De acordo com o cientista político John Curtice, da Universidade de Strathclyde, em Glasgow, “ninguém sabe ao certo quem venceria o referendo” sobre a independência da Escócia. Sondagem do instituto ScotCen indica vitória do “não” por 52% a 48%.

Curtice, autor do relatório de análise da pesquisa, acha que Sturgeon se precipitou ao vincular a independência com a permanência na UE. Isso porque o apoio ao bloco europeu está diminuindo na Escócia. Dois terços dos eleitores escoceses consideram que os poderes de Bruxelas deveriam ser reduzidos. Em 2014, essa fatia era de 53% e em 1999, quando a pesquisa começou a ser feita, 40%. Além disso, mesmo os escoceses que votaram em junho a favor da permanência estão questionando essa escolha, e nesse contingente 56% opinam que a UE deveria ter menos poderes.

Antes de os caminhos de May e Sturgeon bifurcarem, havia um paralelo estreito entre as duas.

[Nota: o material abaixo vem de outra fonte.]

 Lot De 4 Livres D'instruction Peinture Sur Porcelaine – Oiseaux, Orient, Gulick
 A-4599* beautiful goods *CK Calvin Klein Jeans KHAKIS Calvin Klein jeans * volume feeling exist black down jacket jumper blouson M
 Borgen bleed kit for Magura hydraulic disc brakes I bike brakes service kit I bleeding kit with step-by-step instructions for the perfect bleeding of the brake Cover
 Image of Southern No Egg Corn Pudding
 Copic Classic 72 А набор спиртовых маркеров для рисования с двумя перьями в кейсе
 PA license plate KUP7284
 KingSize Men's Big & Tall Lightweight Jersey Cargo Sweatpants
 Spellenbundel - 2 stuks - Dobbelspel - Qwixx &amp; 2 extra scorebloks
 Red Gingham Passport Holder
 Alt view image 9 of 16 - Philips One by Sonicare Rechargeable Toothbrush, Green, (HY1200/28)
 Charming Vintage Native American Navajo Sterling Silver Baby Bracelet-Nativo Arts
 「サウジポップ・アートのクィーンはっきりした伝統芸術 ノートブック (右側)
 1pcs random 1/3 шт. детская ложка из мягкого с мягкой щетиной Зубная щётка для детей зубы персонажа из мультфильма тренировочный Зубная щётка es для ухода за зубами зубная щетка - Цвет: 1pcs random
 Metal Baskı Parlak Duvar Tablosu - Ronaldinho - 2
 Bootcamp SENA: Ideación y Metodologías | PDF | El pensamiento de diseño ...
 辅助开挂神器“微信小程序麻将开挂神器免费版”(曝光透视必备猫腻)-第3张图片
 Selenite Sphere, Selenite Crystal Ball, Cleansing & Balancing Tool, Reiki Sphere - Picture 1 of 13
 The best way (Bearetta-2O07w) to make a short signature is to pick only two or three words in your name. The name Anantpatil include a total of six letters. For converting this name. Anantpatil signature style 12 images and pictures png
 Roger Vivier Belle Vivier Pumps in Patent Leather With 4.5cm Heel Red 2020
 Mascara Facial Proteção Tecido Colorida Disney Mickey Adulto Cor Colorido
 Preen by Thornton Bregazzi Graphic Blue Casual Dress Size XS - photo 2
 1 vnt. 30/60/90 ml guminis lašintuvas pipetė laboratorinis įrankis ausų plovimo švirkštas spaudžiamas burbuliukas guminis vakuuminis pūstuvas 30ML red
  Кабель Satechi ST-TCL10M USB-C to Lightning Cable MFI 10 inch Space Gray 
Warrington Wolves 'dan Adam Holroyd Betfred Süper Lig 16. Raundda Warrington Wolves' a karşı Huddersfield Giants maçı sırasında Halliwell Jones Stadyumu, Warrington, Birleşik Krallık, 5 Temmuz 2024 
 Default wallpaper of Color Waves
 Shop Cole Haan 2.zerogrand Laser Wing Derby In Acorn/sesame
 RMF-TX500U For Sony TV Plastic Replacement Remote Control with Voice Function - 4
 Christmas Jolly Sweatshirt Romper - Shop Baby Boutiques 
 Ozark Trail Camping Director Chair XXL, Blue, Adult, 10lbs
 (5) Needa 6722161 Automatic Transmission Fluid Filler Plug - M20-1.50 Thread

Ambas vêm de origem humilde. O pai de Sturgeon era eletricista e a mãe, ajudante de dentista (May era filha de um pastor protestante). Ela estudou direito na Universidade de Glasgow e começou a carreira política como líder do movimento estudantil. Sua primeira bandeira foi o desarmamento nuclear. Filiou-se ao SNP em 1986 e em 1992, aos 22 anos de idade, tornou-se a mais jovem candidata escocesa a deputada pelo Parlamento britânico, mas não se elegeu. Em 1999, perdeu a votação por uma cadeira na primeira legislatura do Parlamento escocês, mas o SNP a colocou em sua lista e ela se elegeu pelo voto proporcional.

Em 2007, no primeiro mandato do governador Alex Salmond, do SNP, foi nomeada vice-governadora e secretária de Saúde e Bem-Estar. Cinco anos depois, no segundo mandato, tornou-se secretária de Infraestrutura e Investimento em Cidades.

No referendo de 2014, Sturgeon fez campanha pela independência da Escócia. Com a vitória do “não”, Salmond renunciou ao governo e à liderança do SNP. Sturgeon imediatamente se lançou. Nenhum outro candidato quis disputar, e ela se tornou a primeira mulher a ocupar tanto a liderança do SNP quanto o governo da Escócia. Uma pesquisa na época indicou que 54% dos escoceses confiavam nela como alguém que “defende os interesses da Escócia”. Logo depois do referendo, ela declarou que a independência da Escócia era questão de “quando”, não de “se”.

Agora, Sturgeon partiu num caminho sem volta. A dúvida é se a maioria dos escoceses a seguirá. E, sobretudo, se os britânicos deixarão.